And he does it to a woman caught in the act of adultery. Not a former adulterer. She's caught in the act, dragged to the feet of Jesus, thrown down at the feet of Jesus, and again, Jesus says to the men who busted her, "Let the one of you who's without sin throw the first stone." Did anybody cast a rock? What I would have loved to see in the Scripture is if Jesus picked up rocks and started pelting all the guys with them, but that's not how the story plays out. He tells the woman, "Go and sin no more."
Over and over and over again you watch Jesus grant salvation to the wayward, those who have chosen other ways to try to fulfill their joy, other ways to try to find purpose in life, other ways to find their fulfillment. Jesus saves among the wayward. That's good news for multiple reasons. It's good news because a lot of us were wayward. It's good news because a lot of us were saved right out of that. When I asked last week how many of you have backgrounds in either abuse and/or drugs and alcohol, most of the room raised their hands. We are just like a recovery ministry in here right now. It's almost just like, "Hi, my name is Matt." We have all kind of been pulled out of the muck and mire, and he set our feet on the rock.

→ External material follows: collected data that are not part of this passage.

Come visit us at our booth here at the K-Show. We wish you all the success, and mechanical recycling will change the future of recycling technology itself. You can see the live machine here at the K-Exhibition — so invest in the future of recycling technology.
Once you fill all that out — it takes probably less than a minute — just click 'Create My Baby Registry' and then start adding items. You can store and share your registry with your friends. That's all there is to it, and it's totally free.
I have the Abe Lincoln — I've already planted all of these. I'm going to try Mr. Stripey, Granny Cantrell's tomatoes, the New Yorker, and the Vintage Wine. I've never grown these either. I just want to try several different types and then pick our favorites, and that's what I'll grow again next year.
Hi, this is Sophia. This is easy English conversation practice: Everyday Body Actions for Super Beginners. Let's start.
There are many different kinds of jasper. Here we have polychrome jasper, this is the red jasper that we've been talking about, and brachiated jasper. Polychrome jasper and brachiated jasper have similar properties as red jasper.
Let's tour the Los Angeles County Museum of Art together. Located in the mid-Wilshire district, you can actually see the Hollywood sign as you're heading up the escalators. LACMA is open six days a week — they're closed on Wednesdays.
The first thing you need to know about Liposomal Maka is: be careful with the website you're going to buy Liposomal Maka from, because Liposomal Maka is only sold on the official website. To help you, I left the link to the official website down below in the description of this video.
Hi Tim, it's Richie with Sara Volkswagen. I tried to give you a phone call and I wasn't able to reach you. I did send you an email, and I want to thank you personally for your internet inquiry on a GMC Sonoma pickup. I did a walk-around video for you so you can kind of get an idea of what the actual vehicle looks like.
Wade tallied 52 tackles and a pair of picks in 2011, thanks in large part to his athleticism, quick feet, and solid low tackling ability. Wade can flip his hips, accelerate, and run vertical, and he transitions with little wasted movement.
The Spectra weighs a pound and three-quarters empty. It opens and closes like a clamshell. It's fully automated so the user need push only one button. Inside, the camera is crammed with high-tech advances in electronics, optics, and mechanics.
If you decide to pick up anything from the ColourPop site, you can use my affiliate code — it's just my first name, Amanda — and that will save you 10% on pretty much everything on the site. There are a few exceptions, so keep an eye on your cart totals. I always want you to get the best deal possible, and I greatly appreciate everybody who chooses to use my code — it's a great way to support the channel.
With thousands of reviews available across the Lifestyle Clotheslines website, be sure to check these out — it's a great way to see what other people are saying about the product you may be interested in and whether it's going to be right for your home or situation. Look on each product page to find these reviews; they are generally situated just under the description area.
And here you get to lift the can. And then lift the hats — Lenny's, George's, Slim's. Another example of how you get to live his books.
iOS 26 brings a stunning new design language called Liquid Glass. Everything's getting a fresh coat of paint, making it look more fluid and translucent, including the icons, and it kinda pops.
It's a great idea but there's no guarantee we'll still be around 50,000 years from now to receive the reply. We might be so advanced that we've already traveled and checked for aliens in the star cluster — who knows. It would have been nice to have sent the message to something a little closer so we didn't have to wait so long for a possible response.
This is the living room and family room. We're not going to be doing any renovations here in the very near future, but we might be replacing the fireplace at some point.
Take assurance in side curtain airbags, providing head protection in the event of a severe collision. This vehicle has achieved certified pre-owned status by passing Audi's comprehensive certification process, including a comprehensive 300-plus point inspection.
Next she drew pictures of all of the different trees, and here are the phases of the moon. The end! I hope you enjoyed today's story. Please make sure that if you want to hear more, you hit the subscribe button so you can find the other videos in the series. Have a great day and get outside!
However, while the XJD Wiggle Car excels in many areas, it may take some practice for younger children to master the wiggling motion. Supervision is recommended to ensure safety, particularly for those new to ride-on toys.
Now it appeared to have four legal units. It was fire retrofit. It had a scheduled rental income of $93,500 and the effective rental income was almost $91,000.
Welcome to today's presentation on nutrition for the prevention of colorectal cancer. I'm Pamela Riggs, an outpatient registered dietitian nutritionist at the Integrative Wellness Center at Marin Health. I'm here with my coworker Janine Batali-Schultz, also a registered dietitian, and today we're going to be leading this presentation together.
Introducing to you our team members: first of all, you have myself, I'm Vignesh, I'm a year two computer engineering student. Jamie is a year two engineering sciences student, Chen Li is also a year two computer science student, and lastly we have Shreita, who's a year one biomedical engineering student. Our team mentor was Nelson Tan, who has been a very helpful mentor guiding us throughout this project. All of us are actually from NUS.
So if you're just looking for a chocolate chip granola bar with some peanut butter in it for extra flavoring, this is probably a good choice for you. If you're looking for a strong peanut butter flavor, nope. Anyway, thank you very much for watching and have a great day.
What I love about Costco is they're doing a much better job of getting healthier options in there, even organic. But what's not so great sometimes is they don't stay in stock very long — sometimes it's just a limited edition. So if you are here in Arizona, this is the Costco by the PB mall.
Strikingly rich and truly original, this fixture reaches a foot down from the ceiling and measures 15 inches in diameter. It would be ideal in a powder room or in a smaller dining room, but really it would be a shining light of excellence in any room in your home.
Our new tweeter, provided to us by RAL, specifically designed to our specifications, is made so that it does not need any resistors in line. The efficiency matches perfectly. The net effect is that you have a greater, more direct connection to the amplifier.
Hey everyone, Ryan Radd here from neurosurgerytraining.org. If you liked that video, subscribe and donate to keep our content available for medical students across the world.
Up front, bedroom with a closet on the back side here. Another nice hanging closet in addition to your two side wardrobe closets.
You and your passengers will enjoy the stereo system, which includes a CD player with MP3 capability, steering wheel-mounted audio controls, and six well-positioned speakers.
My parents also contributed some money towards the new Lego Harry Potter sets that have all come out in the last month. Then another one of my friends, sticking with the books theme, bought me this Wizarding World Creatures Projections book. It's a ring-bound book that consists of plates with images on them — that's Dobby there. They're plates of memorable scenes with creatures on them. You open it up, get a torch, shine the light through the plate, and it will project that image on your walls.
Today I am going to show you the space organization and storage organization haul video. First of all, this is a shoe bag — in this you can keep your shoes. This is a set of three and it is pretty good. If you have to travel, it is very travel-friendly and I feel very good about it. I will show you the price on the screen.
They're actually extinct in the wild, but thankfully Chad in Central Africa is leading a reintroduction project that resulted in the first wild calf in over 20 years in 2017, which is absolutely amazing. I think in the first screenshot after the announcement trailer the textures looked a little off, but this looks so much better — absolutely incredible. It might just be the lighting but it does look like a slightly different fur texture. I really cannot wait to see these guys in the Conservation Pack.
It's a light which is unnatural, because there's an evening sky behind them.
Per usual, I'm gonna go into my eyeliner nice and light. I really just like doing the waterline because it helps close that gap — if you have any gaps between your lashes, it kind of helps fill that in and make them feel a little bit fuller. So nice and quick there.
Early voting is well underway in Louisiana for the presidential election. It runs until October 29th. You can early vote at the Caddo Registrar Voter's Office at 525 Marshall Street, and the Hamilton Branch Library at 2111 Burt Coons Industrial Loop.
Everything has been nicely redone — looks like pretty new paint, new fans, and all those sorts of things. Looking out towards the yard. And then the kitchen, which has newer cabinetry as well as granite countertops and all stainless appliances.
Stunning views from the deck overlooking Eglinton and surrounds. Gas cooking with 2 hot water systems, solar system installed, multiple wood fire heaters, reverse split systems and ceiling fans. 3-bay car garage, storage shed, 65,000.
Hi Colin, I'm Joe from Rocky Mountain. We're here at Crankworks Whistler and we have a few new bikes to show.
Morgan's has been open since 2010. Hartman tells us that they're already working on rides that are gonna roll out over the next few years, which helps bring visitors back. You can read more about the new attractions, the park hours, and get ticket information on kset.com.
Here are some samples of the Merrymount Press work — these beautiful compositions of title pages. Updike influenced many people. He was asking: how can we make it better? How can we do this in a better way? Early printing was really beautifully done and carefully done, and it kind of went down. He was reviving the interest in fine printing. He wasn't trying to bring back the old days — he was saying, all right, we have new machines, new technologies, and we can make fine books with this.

Then we said that God not only saves the wayward, but he saves the uninterested. I love that one as a preacher who preaches on Sundays and Saturdays, because I know some of you don't want to be here. Some of you came because someone invited you. Mom and Dad made you. You've been forced to come. You're not interested, but you have to shut this guy up, so maybe if you'll just go with him today he'll leave you alone and you can leave here and go, It's not for me, and it'll be over. I'm okay with that because I know from the Scriptures that God saves the uninterested. You might come into this place completely uninterested in the things of God and leave here with an appetite to know more. Or just get radically saved in this joint today. I know God is able. I know he's able.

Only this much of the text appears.